After locating the line containing "Amazing Stories, Aug 1926" in the entries below, please write out that line and the rest through the end exactly. Omit pictures.

(Stored data entries)

*** Block opens ***

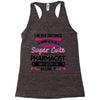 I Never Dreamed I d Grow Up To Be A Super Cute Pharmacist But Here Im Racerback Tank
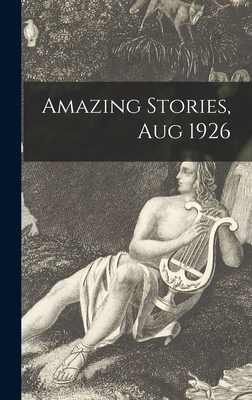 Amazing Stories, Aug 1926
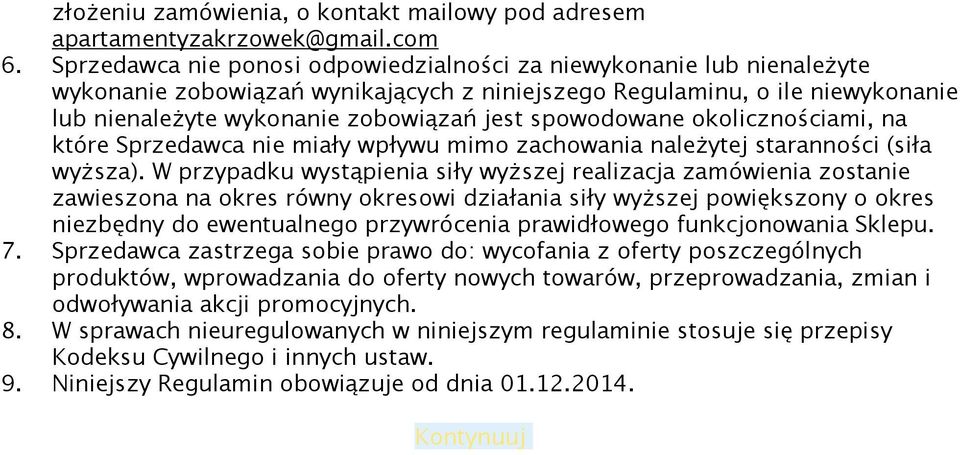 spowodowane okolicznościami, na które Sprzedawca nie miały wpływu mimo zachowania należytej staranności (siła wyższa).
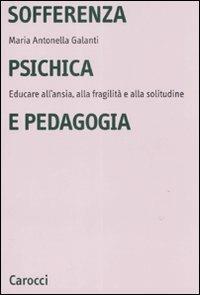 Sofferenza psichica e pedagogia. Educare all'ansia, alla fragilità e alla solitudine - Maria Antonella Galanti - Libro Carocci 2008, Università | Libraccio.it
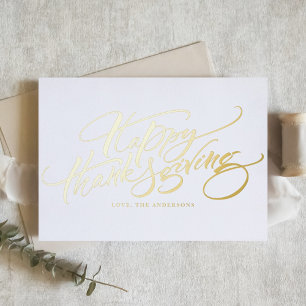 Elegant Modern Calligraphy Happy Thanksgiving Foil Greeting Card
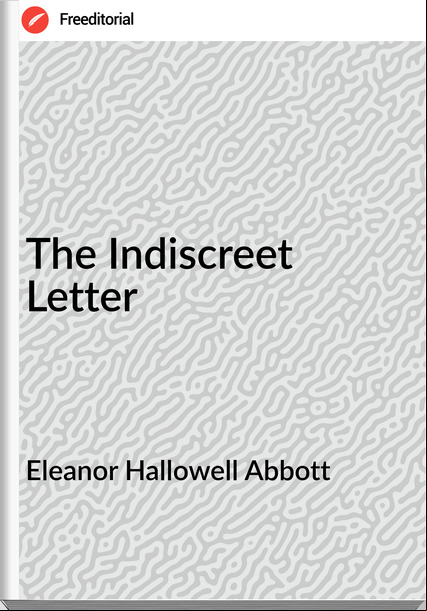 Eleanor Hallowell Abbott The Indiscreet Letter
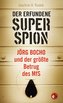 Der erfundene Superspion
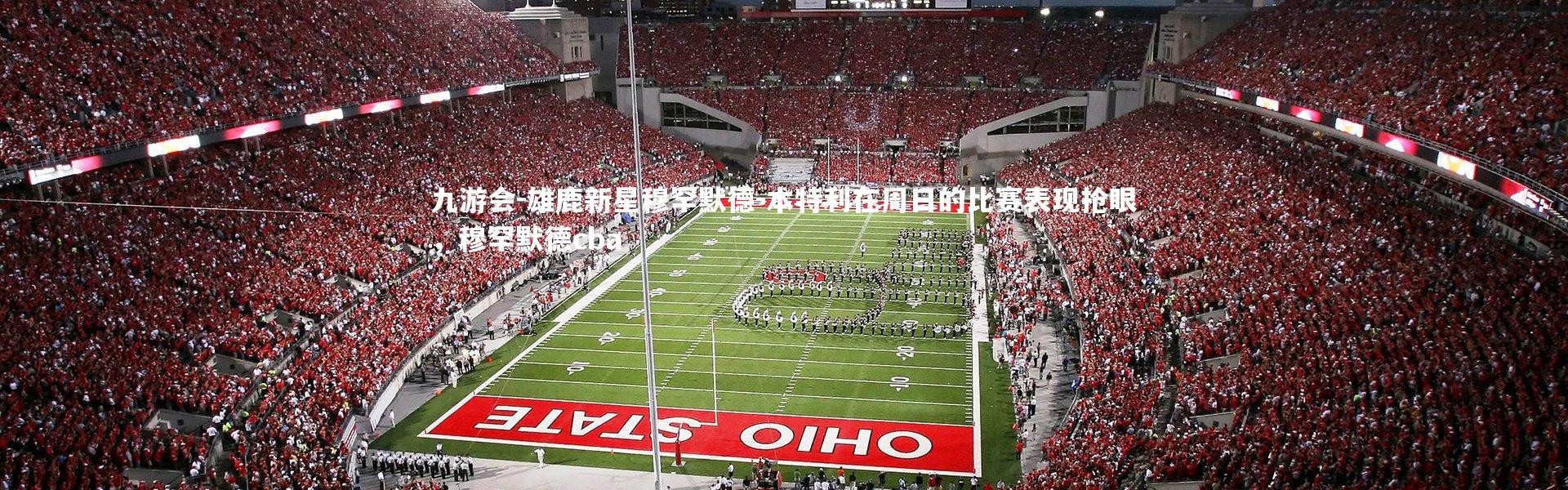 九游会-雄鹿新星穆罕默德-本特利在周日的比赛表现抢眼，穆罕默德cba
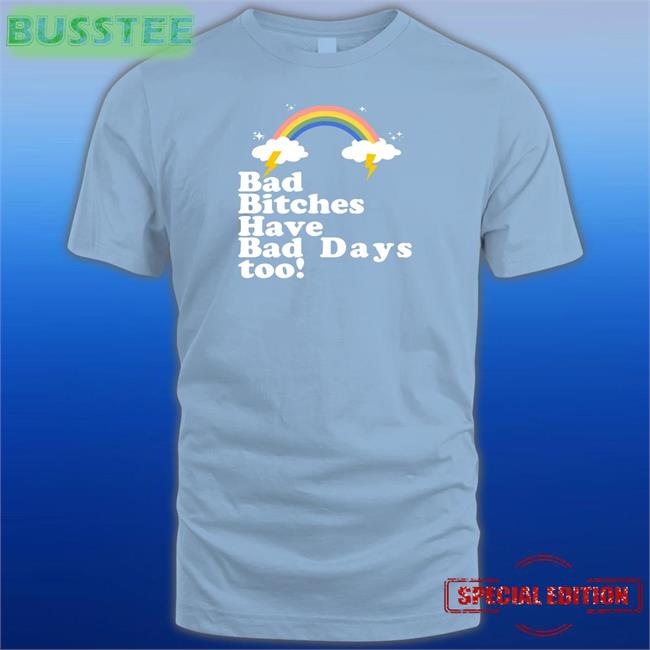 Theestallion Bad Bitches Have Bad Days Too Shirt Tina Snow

*** Block closes ***

Expected output.
 Amazing Stories, Aug 1926
 spowodowane okolicznościami, na które Sprzedawca nie miały wpływu mimo zachowania należytej staranności (siła wyższa).
 Sofferenza psichica e pedagogia. Educare all'ansia, alla fragilità e alla solitudine - Maria Antonella Galanti - Libro Carocci 2008, Università | Libraccio.it
 Elegant Modern Calligraphy Happy Thanksgiving Foil Greeting Card
 Eleanor Hallowell Abbott The Indiscreet Letter
 Der erfundene Superspion
 九游会-雄鹿新星穆罕默德-本特利在周日的比赛表现抢眼，穆罕默德cba
 Theestallion Bad Bitches Have Bad Days Too Shirt Tina Snow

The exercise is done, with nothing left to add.